I need some snake boots, but I don't want those with molded soles.  I've had some molded sole boots soles disintegrate after 4-5 years or less.  Want something that the soles/heels can be replaced on -- like shoes/boots used to be.

Snake boots should last a lifetime, or nearly, with maybe sole/heel replacement or two, but I don't think the molded sole boots are designed to last.  I had pair of boots I liked so well I bought a spare pair and put them up for 3-4 years.  When I took them out, wore them a few days, the heel literally came apart.  Georgia Boot.


----------



## rjcruiser (Aug 30, 2010)

I know...molded sole....

Danner Pronghorns.  If they do wear out, you can send them back to Danner to have them "Reconditioned."  Check out their website and they'll have the specifics on them.

Also, you can find them for around $185 or so brand new..just search amazon.   I've had mine for 2 years now and love them.


----------



## Wiskey_33 (Aug 30, 2010)

Chippewa makes snake boots that appear to be what you're looking for.


----------



## Bubbaforsure (Aug 30, 2010)

rjcruiser said:


> I know...molded sole....
> 
> Danner Pronghorns.  If they do wear out, you can send them back to Danner to have them "Reconditioned."  Check out their website and they'll have the specifics on them.
> 
> Also, you can find them for around $185 or so brand new..just search amazon.   I've had mine for 2 years now and love them.

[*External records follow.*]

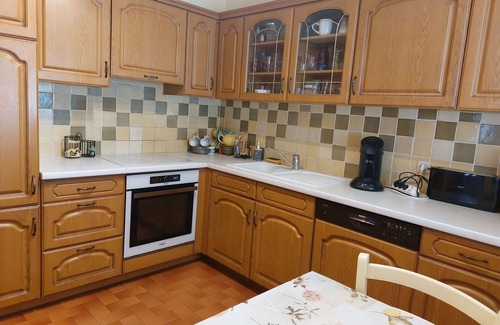 Sollies Pont House | Beautiful private villa for 6 people with A/C, WIFI, private pool, TV, terrace and pets allowed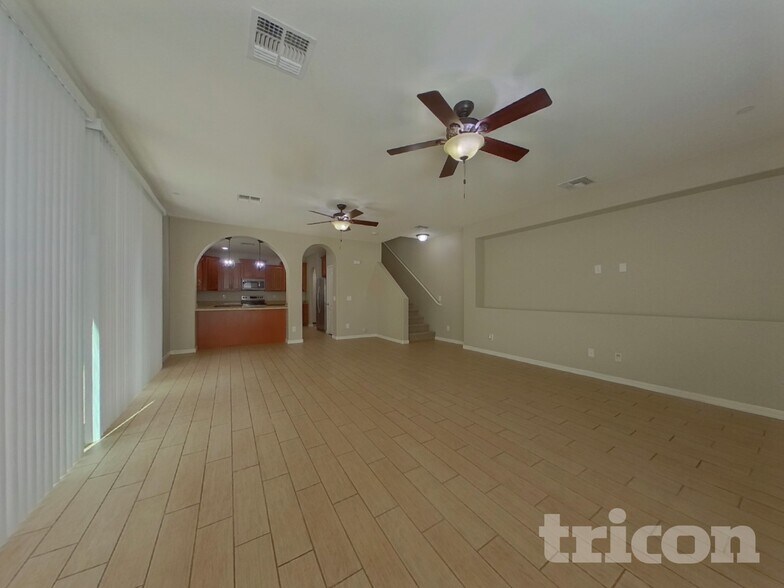 Building Photo - 12509 W Via Dona Rd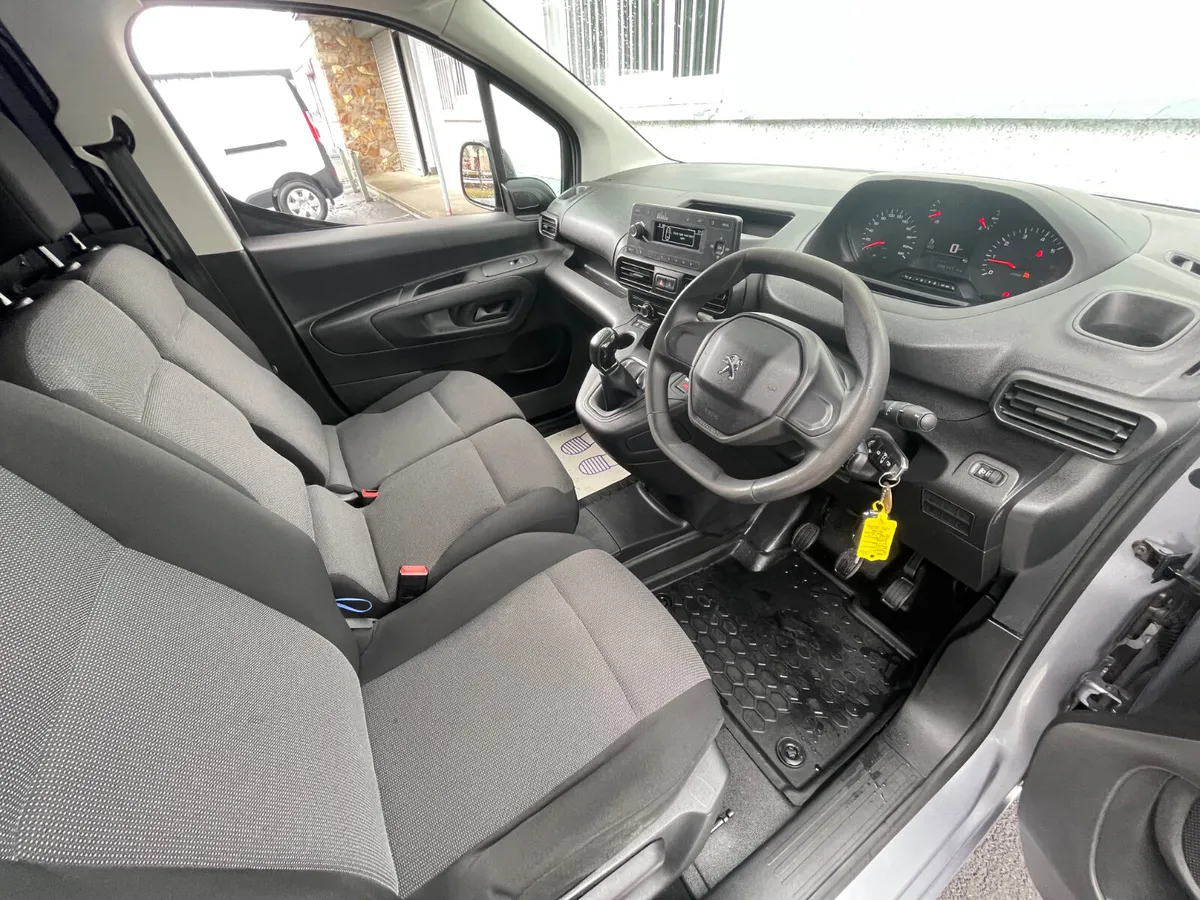 1.5 HDI - BLUETOOTH - DIESEL - MANUAL - 333TAX - Image 3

X2...Best boot I have ever put my number 12's in. Comfortable, dry, waterproof, worth every penny!


----------



## HALOJmpr (Aug 30, 2010)

Search the forum there's a link for danners for $158    they just didn't have my size 13


----------



## kaslumber (Sep 1, 2010)

*Sake boots*

Sent you a link.


----------



## gcs (Sep 17, 2010)

I'm looking for a pair of Danners snake boots, but I can't find anybody that has any in stock. I've tried to order online but everybody say's they will ship direct form the manufacture and they are on backorder. Anybody in north Ga. got these boots in stock? Need size 13 wide.


----------



## Nitro (Sep 17, 2010)

Russell

www.russellmoccasin.com


----------